Recent Microfinance Activity in China-Grameen Bank, SKS, and HSBC
Sorry I haven’t been posting much lately. Classes and midterms at SIPA seem to be getting in the way. If only I could count my blog posts as papers for class!
Lately, there has been a few noteworthy news pieces on China’s microfinance development. Dr. Yunus announced at the Clinton Global Initiative that it will be starting a bank in Sichuan. Jack Ma’s Alibaba is said to contribute $5 million to kick start lending. Dr. Yunus has been trying to start a true Grameen Bank in China since 2006. I am not sure if the small loan company license (小额贷款公司) has been issued yet, but you have to give them credit for trying. Perhaps the announcement is to increase pressure for the government to hand over licenses quick.
Vikram Akula of SKS recently wrote an Op-Ed in the WSJ about opening up investments in MFIs in China. He is definitely correct in pointing out that most casual observers who sees China as ‘developed’ and don’t need microfinance is wrong. He is also correct that the sector needs to open up. But I would have like to see what his ideas are in terms of liberalizing the sector. Allowing foreign investment is definitely one option (which he is, of course, interested in), but what else can China do domestically? Are there different models that he can share given India and SKS’s experience? As he pointed out, current regulations do not allow MFIs to take deposits. What then, are the risks of the MFIs? What should MFIs who do not take deposits be aware of in terms of managing risks?
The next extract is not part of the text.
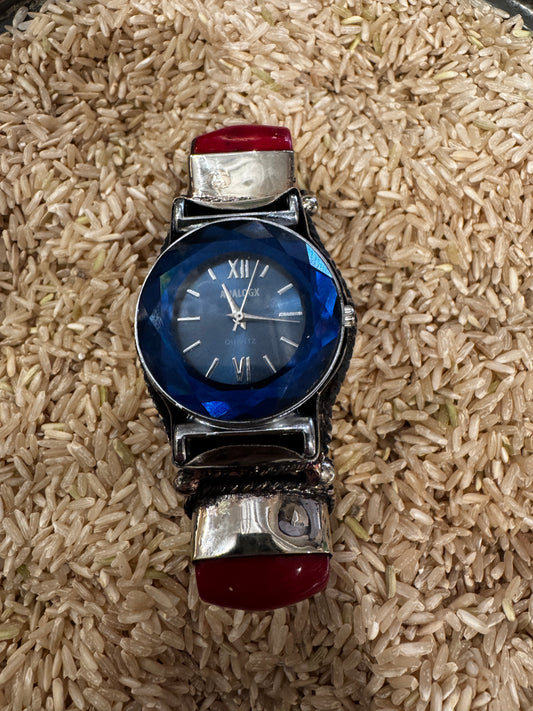 ROCK AROUND THE CLOCK WRIST WATCHES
Lastly, a press release from from HSBC came out yesterday that it has partnered with Women’s World Banking (WWB) in provided microloans through its rural banks in China, specifically in Hebei’s Suizhou branch and Chongqing Dazu branch. According to a Caijing article, the product is called “Happy Loans” (”贷款乐”). The product has been piloting for 3 months in Suizhou and is currently being expanded. What is WWB’s role in this partnership? Is it providing operational expertise? If so, does this mean that WWB (and perhaps MFIs in general) is better at assessing credit worthiness of low-income borrowers than a large multinational bank such as HSBC? Or is HSBC simply outsourcing it’s operation activities to WWB? From previous research, it seems that HSBC Rural Bank’s branches tend to focus only on export oriented areas (mostly exporting mushrooms actually), specifically for SMEs. Are they moving away from SME finance and moving towards ‘real’ microfinance? What are the terms of the loans?
Questions to ponder during my midterms.